By on July 3, 2018

Today’s Buy/Drive/Burn trio of unfortunate crossovers was concocted by commenter JohnTaurus. From a time early in the development of the midsize three-row crossover, none of today’s competitors really worked from a sales perspective.

Three unfortunate entries from three different marques. Which one goes home with you?

Subaru Tribeca

TTAC became famous for hating on the Tribeca, but you already knew that. Debuting for the 2006 model year, the H6-only Tribeca was built with the Outback and Legacy at Subaru’s Lafayette, Indiana plant. The ’07 we have here today was the last year for the smaller displacement 3.0-liter H6, which produced 242 horsepower routed through a five-speed automatic. The Limited trim on offer today had a standard leather interior, moonroof, and premium audio system. Unique to the Tribeca was a Y-shaped dash and console design, providing a cockpit feel for front driver and passenger. A restyling (bland-ization) for the 2008 model year didn’t save the Tribeca from cancellation, which came in 2014.

Hyundai Veracruz

Hyundai’s Veracruz was brand new for 2007. The company’s largest crossover attempt to date, all North American models skipped the diesel engine option in favor of the long-running 3.8-liter Lambda V6. The six-speed automatic routes 263 horsepower to all four wheels in Limited all-wheel drive trim. Leather seats are heated and ventilated, and a premium Infinity sound system entertains passengers. The Veracruz lived on in the North American market through the 2012 model year, triumphant in two-tone.

Ford Freestyle

New for 2005, the Freestyle was part of Ford’s plan to start all model names with the letter F. Gone was the Taurus wagon, as America requested rough-and-ready CUVs.

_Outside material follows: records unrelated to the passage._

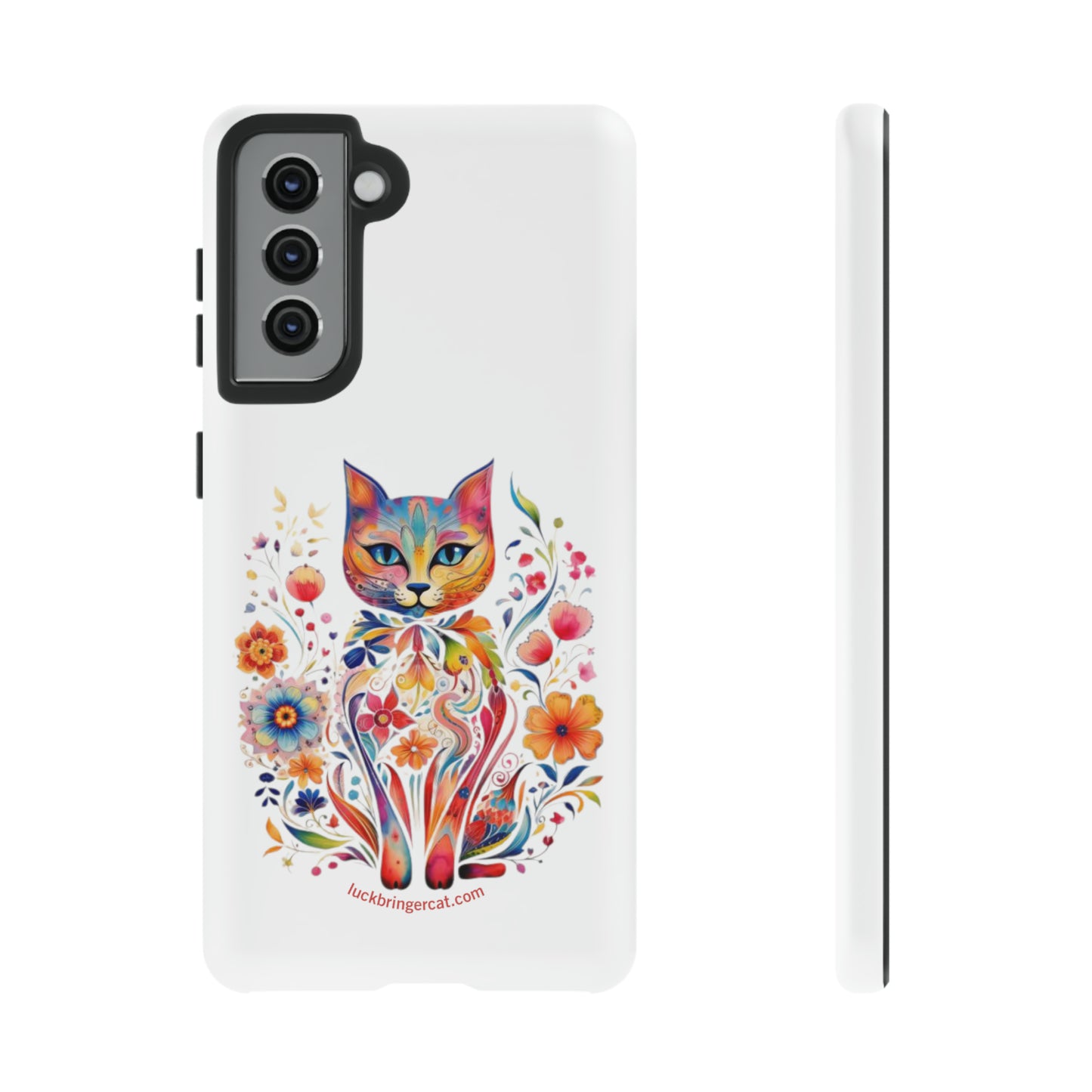 Phone Case for Cat and Flower Lovers- iPhone, Samsung Galaxy, Google Pixel- Colorful Floral Cat-White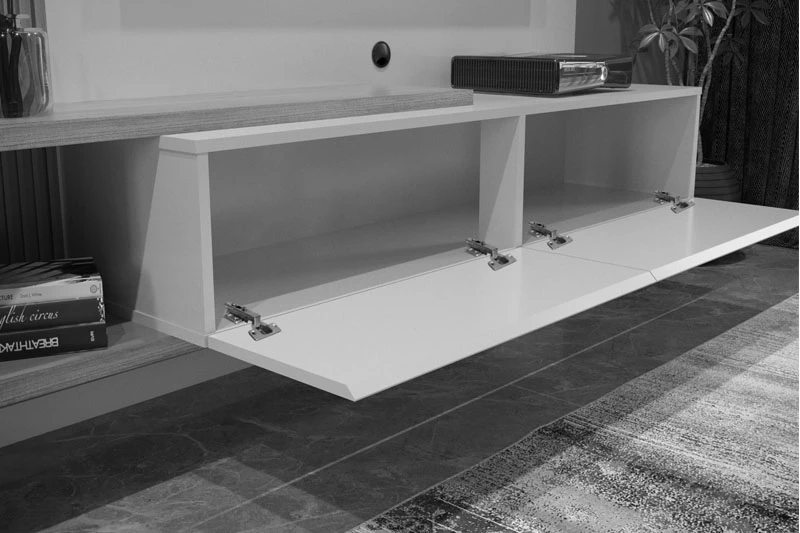 Home Suspenso Los Angeles Larg. 1.60m Cinamomo/Off para TV até 60" - Valdemóveis - Imagem 2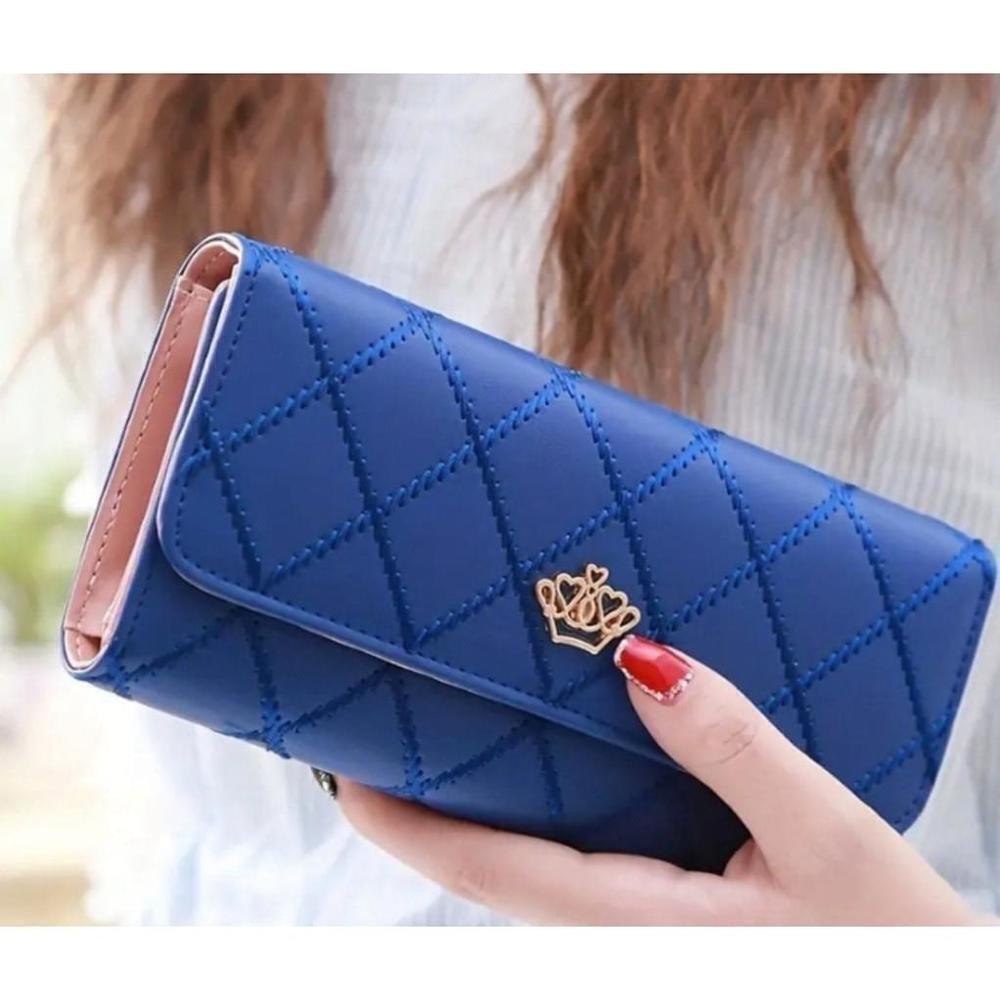 Crown Rhombus Pattern Wallet In Blue - Picture 2 of 7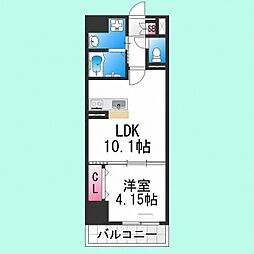 FREEDOMresidence堺大小路 1LDKの間取図画像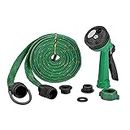 WSx 10 Meter Water Pipe - Lightweight, Durable & Flexible Hose Pipe with Tap Adapter and 3 Clamps for Watering Home Garden, Car Washing, Floor Cleaning & Pet Bathing(Green, 10Mtr)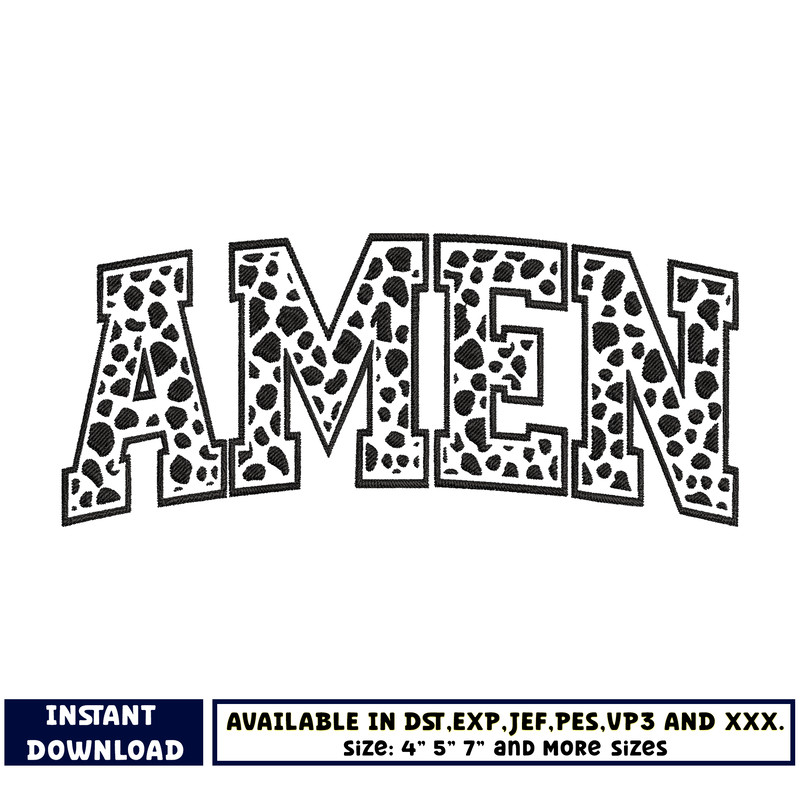Amen embroidery design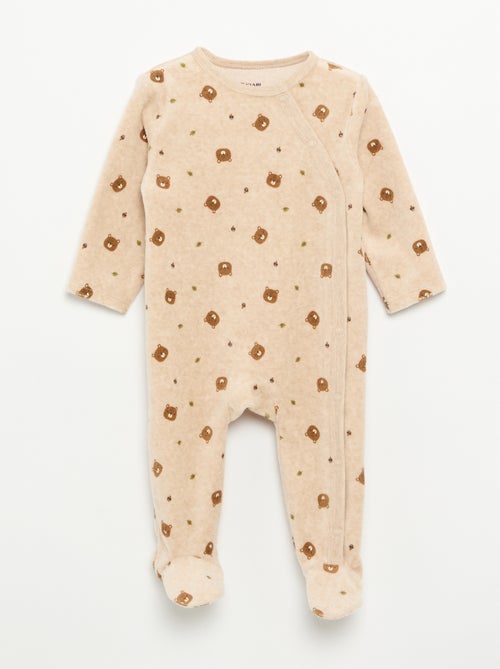 Pack de 2 pijamas de veludo com pés - Kiabi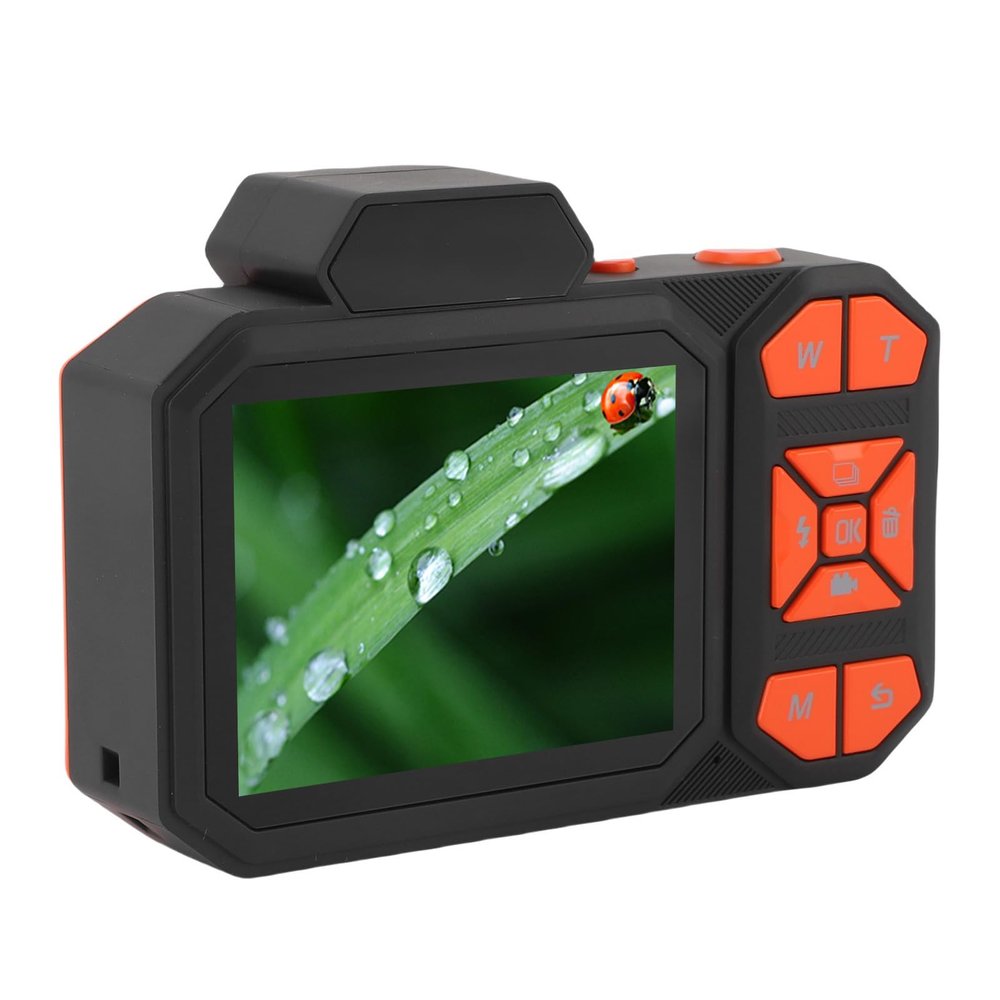Dpofirs 4K 64MP Vlogging Camera with Autofocus & Webcam2.88" HD Screen & LED Flash18x Zoom 2500mAh 90Min Recording for TikTok (Orange)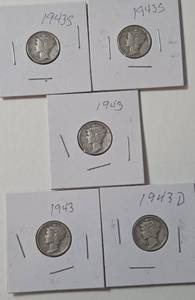 lot 41 image: 5- Silver Mercury Dimes (1943D,1943S, 1943,1943,1943S)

Sharing engine and drivetrain with the Five Hundred sedan, all-wheel drive examples paired the 3.0-liter Duratec V6 (203 horsepower) with a CVT. Ford expected 40 percent of Freestyle buyers to desire all-wheel drive; instead, the take rate was 55 percent. Like the competitors above, the Freestyle is Limited trim and all-wheel drive. Leather seating is standard in either six- or seven-passenger configurations, and there’s a rear DVD screen for the kids. Major changes came to Freestyle in 2008, when it was renamed Taurus X. The model received a larger 3.5-liter engine, and a six-speed automatic in all models. Taurus X went away after 2009, to make room for some square-body Flexin.

Freestyle your way north through Veracruz, then make your way to Tribeca. On the journey, dole out the Buy, Drive, and Burn.

[Images: Ford, Subaru, Hyundai, IIHS]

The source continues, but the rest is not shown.